Przeczytaj także: Zdolne sześciolatki radzą sobie w szkole
Pensję płaci gmina
Na razie jednak nic nie wskazuje na to, aby asystenci pojawili się choćby w pierwszych klasach. Powód? Brak pieniędzy. Asystenci - z wykształceniem wyższym i przygotowaniem pedagogicznym - mają być zatrudniani przez gminę na podstawie umowy o pracę. Ich etat ma wynieść 40 godzin tygodniowo, a wynagrodzenie nie może być wyższe niż to, które otrzymuje nauczyciel dyplomowany. Pensję muszą zapewnić im samorządy.

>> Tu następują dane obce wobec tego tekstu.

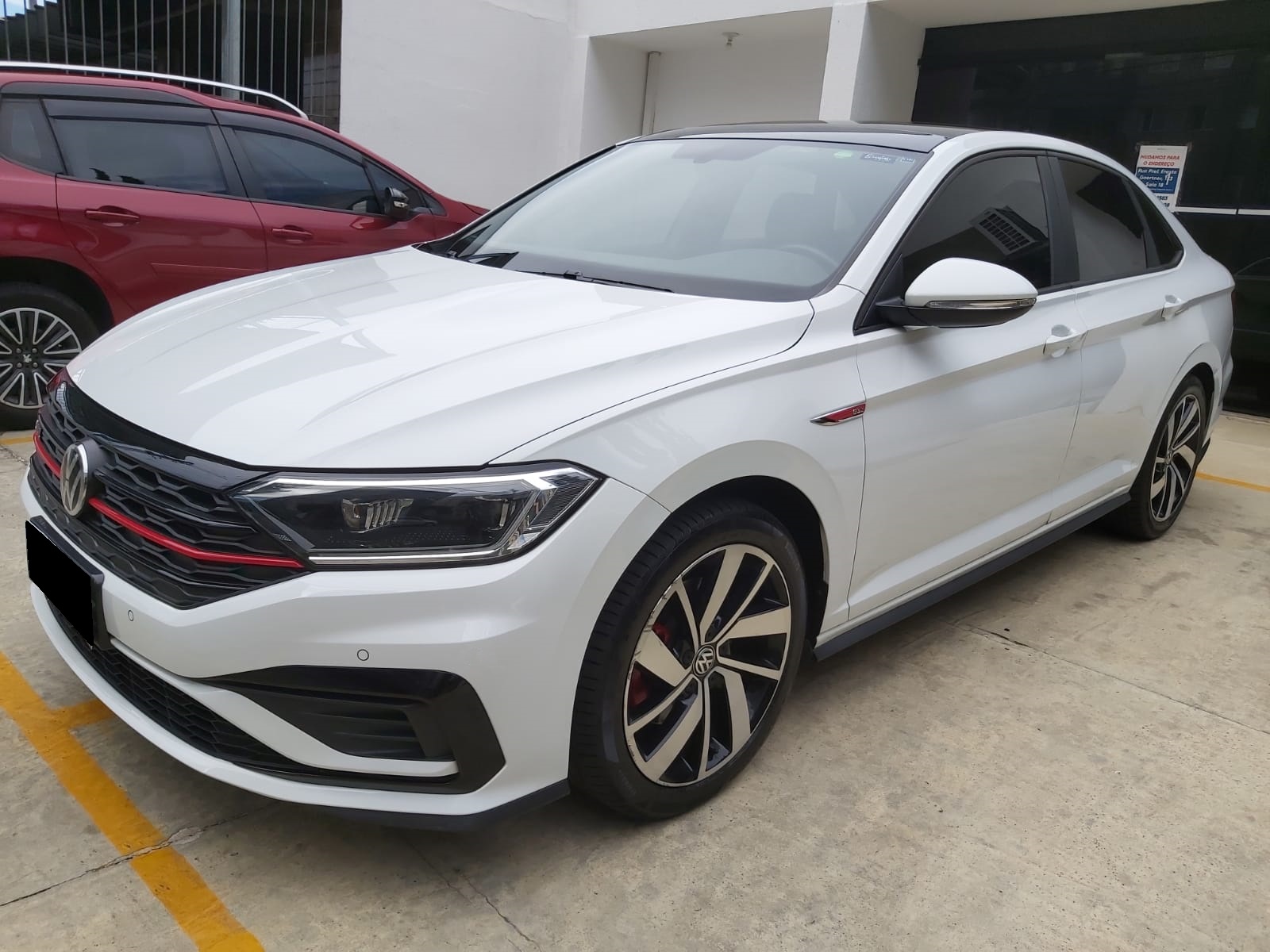 Volkswagen Jetta 2020 Branco — foto 1 de 3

Gminy mówią jednak wprost: nie mamy za co zatrudniać asystentów. - Nie zaplanowaliśmy takich wydatków w tegorocznym budżecie, ponieważ stanowisko asystenta zostało powołane dopiero w tym roku. Przedtem nikt o nim nie słyszał - mówi Iwona Waszkiewicz, dyrektor Wydziału Edukacji i Sportu Urzędu Miasta Bydgoszczy. - Owszem, dyrektorzy szkół dopytywali, czy zamierzamy zatrudniać asystentów nauczycieli, ale na razie nie ma takich możliwości.
- Być może pojawią się fundusze unijne na ten cel, a może zostaną zwiększone środki dla klas I-III - zastanawia się Iwona Waszkiewicz. Tak stało się w przypadku klas integracyjnych. Zatrudniamy w nich nauczycieli wspomagających i sprawdza się to bardzo dobrze.

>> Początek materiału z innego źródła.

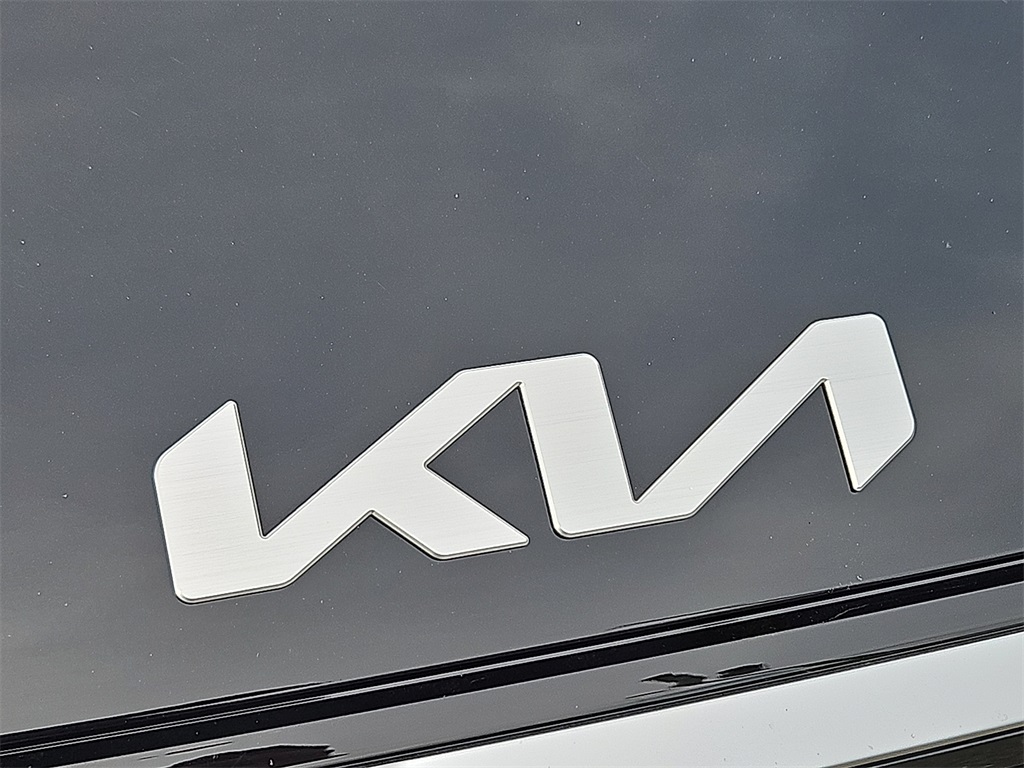2025 Kia K4 EX photo 10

- Gdybyśmy otrzymali od rządu pieniądze na zatrudnianie asystentów, moglibyśmy rozważyć taką możliwość - mówi również Janusz Pleskot, dyrektor Wydziału Edukacji Urzędu Miasta Torunia. - Najlepsza byłaby dotacja celowa. Sami nie mamy jednak żadnych dodatkowych funduszy.
To się nie opłaca
Jednak, jak zauważa Janusz Pleskot, stanowisko asystenta nauczyciela nie jest wcale idealnym rozwiązaniem.
- W przyjmowaniu asystentów do szkół nie widzę żadnej korzyści dla gminy - mówi dyrektor. - Asystenci nie mogą sami odbywać zajęć, a jedynie wspierać nauczycieli w ich prowadzeniu. Dotyczy to również pracy w świetlicy. Wolałbym więc zamiast asystenta przyjąć drugiego nauczyciela, bo ma on uprawnienia, aby samodzielnie poprowadzić zajęcia i zaopiekować się dziećmi. Zatrudnianie asystentów to podwójne koszty dla gminy.
Przeciwko wprowadzeniu stanowiska asystenta od początku protestowały oświatowe związki zawodowe. ZNP twierdził, że to kolejny krok rządu w kierunku likwidacji Karty Nauczyciela.